* [Task objective]: Reproduce precisely the lines of the listing below, starting with the line that contains "be hung Christmas" and stopping after the line that contains "Kurten 1 Light Pendant Black"; include nothing else.

* [The data]:
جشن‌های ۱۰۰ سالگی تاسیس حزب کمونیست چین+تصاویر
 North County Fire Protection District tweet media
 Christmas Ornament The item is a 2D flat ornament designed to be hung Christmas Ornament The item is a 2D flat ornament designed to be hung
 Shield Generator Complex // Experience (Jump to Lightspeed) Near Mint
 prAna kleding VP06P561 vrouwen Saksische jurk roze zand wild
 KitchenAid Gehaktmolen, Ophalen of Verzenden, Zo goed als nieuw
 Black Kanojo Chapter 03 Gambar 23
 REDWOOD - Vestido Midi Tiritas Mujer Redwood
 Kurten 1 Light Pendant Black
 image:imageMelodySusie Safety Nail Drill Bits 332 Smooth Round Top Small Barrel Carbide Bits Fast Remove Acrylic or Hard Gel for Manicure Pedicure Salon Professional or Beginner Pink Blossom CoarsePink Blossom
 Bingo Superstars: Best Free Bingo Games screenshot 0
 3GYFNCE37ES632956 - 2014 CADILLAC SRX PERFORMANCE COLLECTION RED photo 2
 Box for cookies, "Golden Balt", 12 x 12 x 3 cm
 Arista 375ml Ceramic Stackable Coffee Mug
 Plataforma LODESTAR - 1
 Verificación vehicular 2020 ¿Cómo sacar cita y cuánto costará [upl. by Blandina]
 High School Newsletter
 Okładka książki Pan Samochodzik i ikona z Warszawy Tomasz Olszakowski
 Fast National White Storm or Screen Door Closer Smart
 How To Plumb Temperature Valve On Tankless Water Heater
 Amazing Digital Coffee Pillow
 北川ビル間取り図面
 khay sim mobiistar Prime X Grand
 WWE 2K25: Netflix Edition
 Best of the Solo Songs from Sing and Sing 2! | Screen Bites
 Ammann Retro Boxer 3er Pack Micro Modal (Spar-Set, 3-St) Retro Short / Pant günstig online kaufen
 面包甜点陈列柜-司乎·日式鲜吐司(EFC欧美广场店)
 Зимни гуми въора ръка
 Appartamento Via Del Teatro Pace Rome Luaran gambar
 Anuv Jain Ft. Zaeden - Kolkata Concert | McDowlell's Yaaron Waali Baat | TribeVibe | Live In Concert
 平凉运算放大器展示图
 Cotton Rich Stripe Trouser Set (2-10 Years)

* [Result for this task]:
 Christmas Ornament The item is a 2D flat ornament designed to be hung Christmas Ornament The item is a 2D flat ornament designed to be hung
 Shield Generator Complex // Experience (Jump to Lightspeed) Near Mint
 prAna kleding VP06P561 vrouwen Saksische jurk roze zand wild
 KitchenAid Gehaktmolen, Ophalen of Verzenden, Zo goed als nieuw
 Black Kanojo Chapter 03 Gambar 23
 REDWOOD - Vestido Midi Tiritas Mujer Redwood
 Kurten 1 Light Pendant Black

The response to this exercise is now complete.